Using data from the Pediatric Health Information System database, a large, regionally diverse system, the researchers examined racial disparities in the treatment and outcomes of hospitalized white and black pediatric patients with moderate to severe Crohn’s disease. The study evaluated more than 4,000 patients up to age 21 who were admitted to a hospital due to their disease between 2004 and 2012. Black children had a shorter time to first readmission.
“A physician or other clinical staff may not readily identify these racial differences at a single-practice level, but these gaps may be important on a larger scale,” explained Dr. Dotson. “Further studies need to help identify the causes of these racial differences so we can design interventions for hospitals and physician offices that can reduce population level disparities. Clinicians at Nationwide Children’s involved in the study are keeping this in mind and continuing to collect data.” They are now examining some of the outpatient factors that may result in disparities, such as frequency of follow-up, and further investigating racial and socioeconomic disparities in treatment and outcomes of children with Crohn’s disease.

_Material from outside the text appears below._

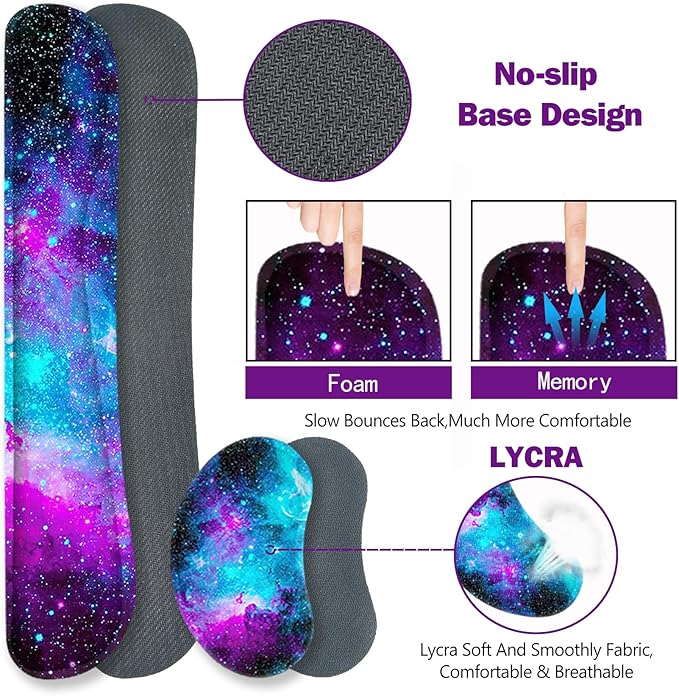 ToLuLu Extended Gaming Mouse Pad, Memory Foam Ergonomic Keyboard Mouse Wrist Rest Support Set, Large Desk Mat with Stitched Edges, Non-Slip Base Mousepad for Home Office Game and Study, Nebula Galaxy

The researchers also found black children were more likely to have anemia, vitamin D deficiency, endoscopic procedures, blood product transfusions and treatment with steroids and biologic agents compared to white children with Crohn’s disease. However, race did not influence the risk of bowel surgery, a common procedure for children with Crohn’s disease.
“Some of the differences in our study are likely attributable to intrinsic differences in disease between blacks and whites,” said Dr. Dotson, who is also a faculty member at The Ohio State University Wexner Medical Center. “For example, more procedures are likely a result of the increased rate of perianal disease in blacks. Other differences may reflect disparities in care, although biologic differences can’t be excluded.”

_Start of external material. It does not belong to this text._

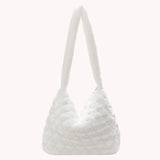 Soft Plush Shopper Bag Casual Women Purses Fluffy Solid Rhombus Pattern Satchel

According to Dr. Dotson, the increased usage of corticosteroids and biologic medications among black children in the study could suggest a more severe disease course that may be attributable to worse intrinsic disease in black children. But it is equally possible that black patients were more ill at the time of hospital admissions due to delays in seeking care or impaired access to care, and thus required more intensive therapy, she said. The researchers also found black children had a lower median income and were more likely to have Medicaid.
“Black children were slightly older at the first admission than white children, which could represent a subtle marker of diminished access to medical care or a delay in disease recognition,” said Dr. Dotson, who explained other studies have shown that the role of biology in health disparities in chronic diseases is often modest, and there are many other factors, such as access to care and health literacy, that contribute to disparities in care. Significant racial, ethnic, and socioeconomic disparities in access to healthcare and quality of care have been found throughout the United States in other conditions including the treatment of ovarian cancer, asthma, and ADHD, with little improvement in disparities being reported in the past decade. Disparities have been shown to contribute to suboptimal healthcare outcomes for minorities and low income groups, as well as inefficiencies in healthcare delivery systems. “Financial barriers to outpatient care and self-management, such as transportation, medication and nutrition needs, may have impacted the outcome for these children.”
Dr. Dotson and her collaborators on the study stress further primary research in understanding health system barriers and disparities, and standardization of care is needed to ultimately improve healthcare delivery and minimize healthcare disparities to improve the health and quality of life of children with Crohn’s disease and other chronic conditions.